A fascinating new study of mice during pregnancy, leads evidence that pregnant humans also need light during pregnancy to aid in proper fetal eye development.
A new study conducted by scientists from Cincinnati’s Children’s Hospital Medical Center and the University of California, San Francisco (UCSF) and recently published in the journal Nature, reveals information about the importance of sunlight during pregnancy for the eyesight of babies that are born prematurely. The study concluded that the eye, which requires light in order to see, also needs light to develop normally during pregnancy.

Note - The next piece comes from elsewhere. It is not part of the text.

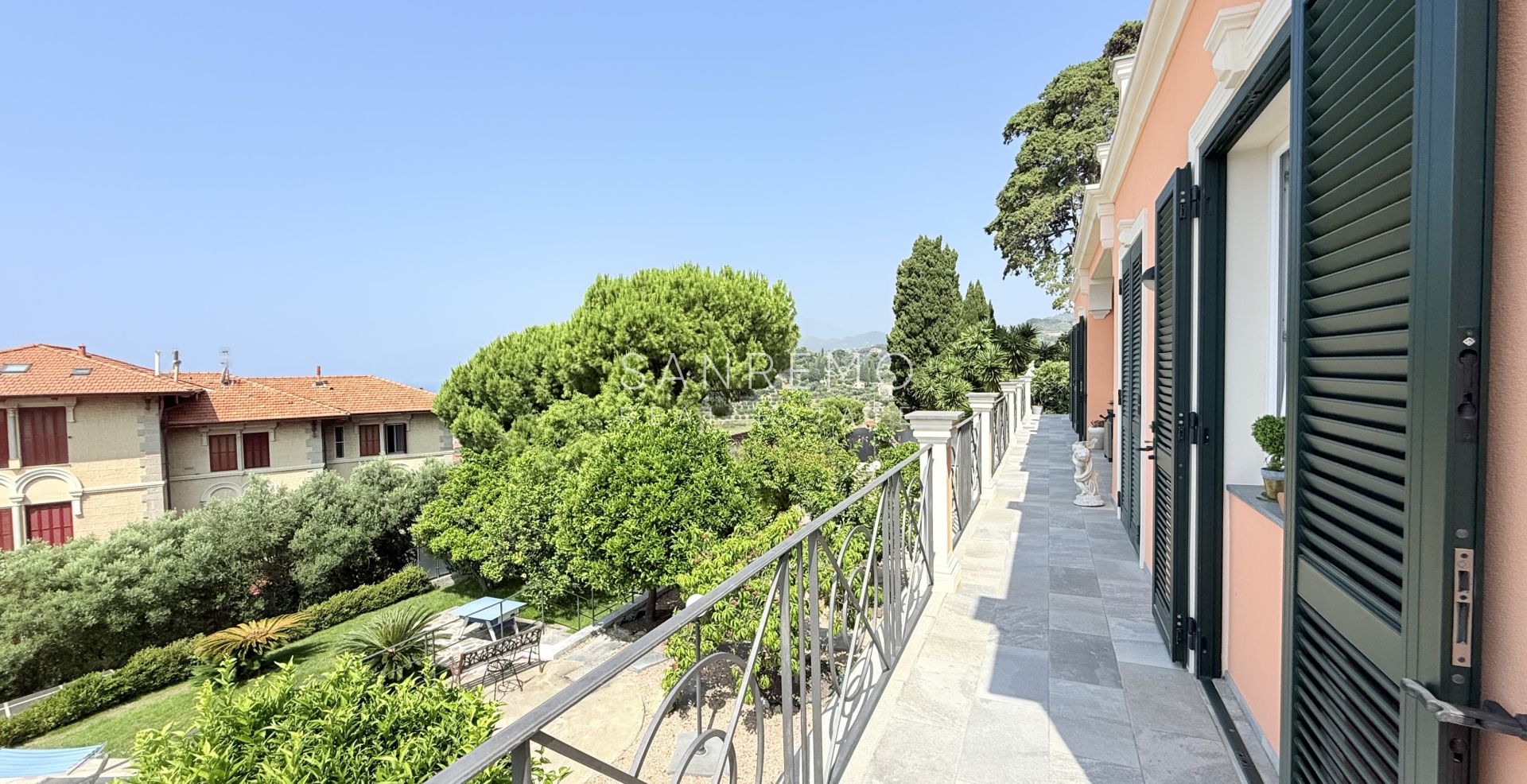 Luxury villa with swimming pool and sea view in Bordighera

Co-author Richard Lang, PhD, a researcher in the Division of Pediatric Ophthalmology at Cincinnati Children’s Hospital Medical Center said:
“This fundamentally changes our understanding of how the retina develops. We have identified a light-response pathway that controls the number of retinal neurons. This has downstream effects on developing vasculature in the eye and is important because several major eye diseases are vascular diseases.”
Lang collaborated with David Copenhagen, PhD, a scientist in the departments of Opthalmology and Physiology at UCSF. Mouse models were used in their study which produced surprising outcomes:
Copenhagen commented, “Several stages of mouse eye development occur after birth. Because of this, we had always assumed that if light played a role in the development of the eye, it would also happen only after birth.”

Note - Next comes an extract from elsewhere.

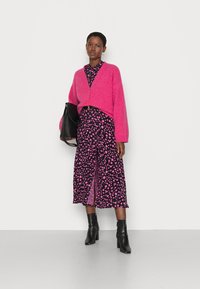 ARKET Casaco de malha - fuschia pink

The researchers in the current study revealed that the activation of the newly labeled light-response pathway must occur during pregnancy in order to achieve the precisely planned program that creates a normal eye. They point out that it is crucial for the right number of photons to reach the mother’s body by late term pregnancy.

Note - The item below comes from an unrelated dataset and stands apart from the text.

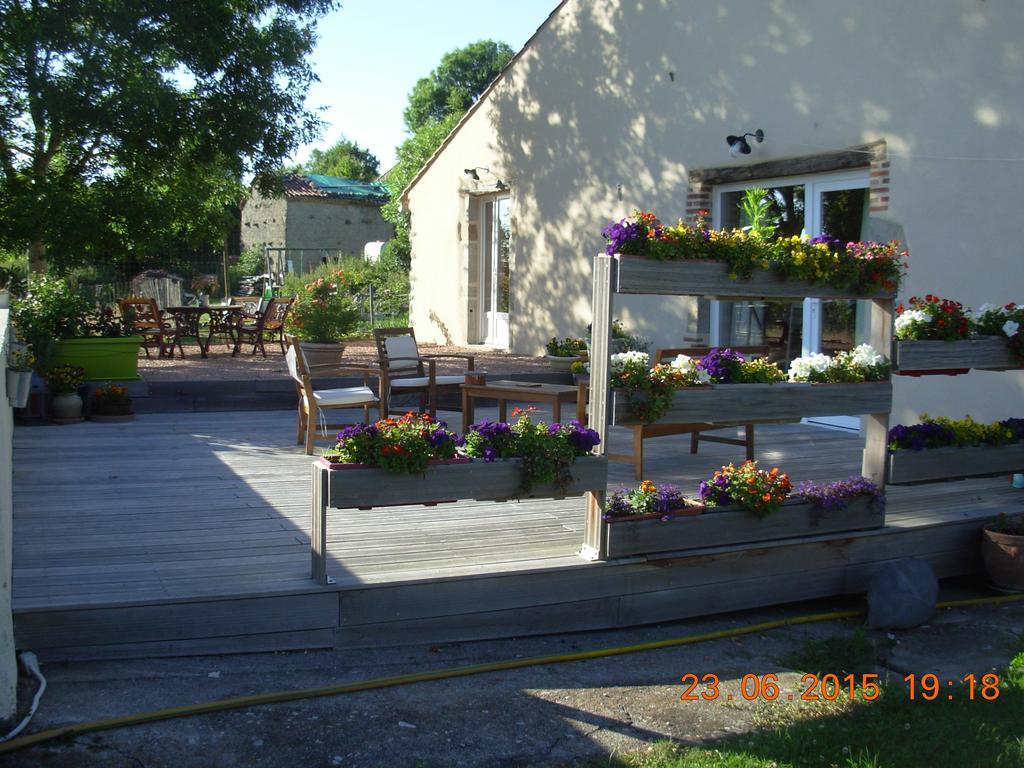 Le Jardin des Pierres Brunes Saint-Jean-des-Ollières Exterior foto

The team of scientists completed several experiments using laboratory mouse models that let them look at the light-response pathway’s purpose and parts. Mice were raised in darkness, and in a regular day-night cycle starting at late term pregnancy to examine the comparative outcomes on vascular progression of the eye.
The scientists confirmed the purpose of the light response pathway by changing an opsin gene in mice known as Opn4 that creates melanopsin which stops the initiation of the photo pigment.
The melanopsin protein is there in both humans and mice during pregnancy. The authors say they will continue to examine how the light-response pathway might impact the probability of pre-term babies developing retinopathy of prematurity and its relatedness to other eye conditions.
So get outside and into the sunlight during your pregnancy as much as possible on a regular basis. The natural light not only helps your mood but is essential for your baby’s healthy eye development!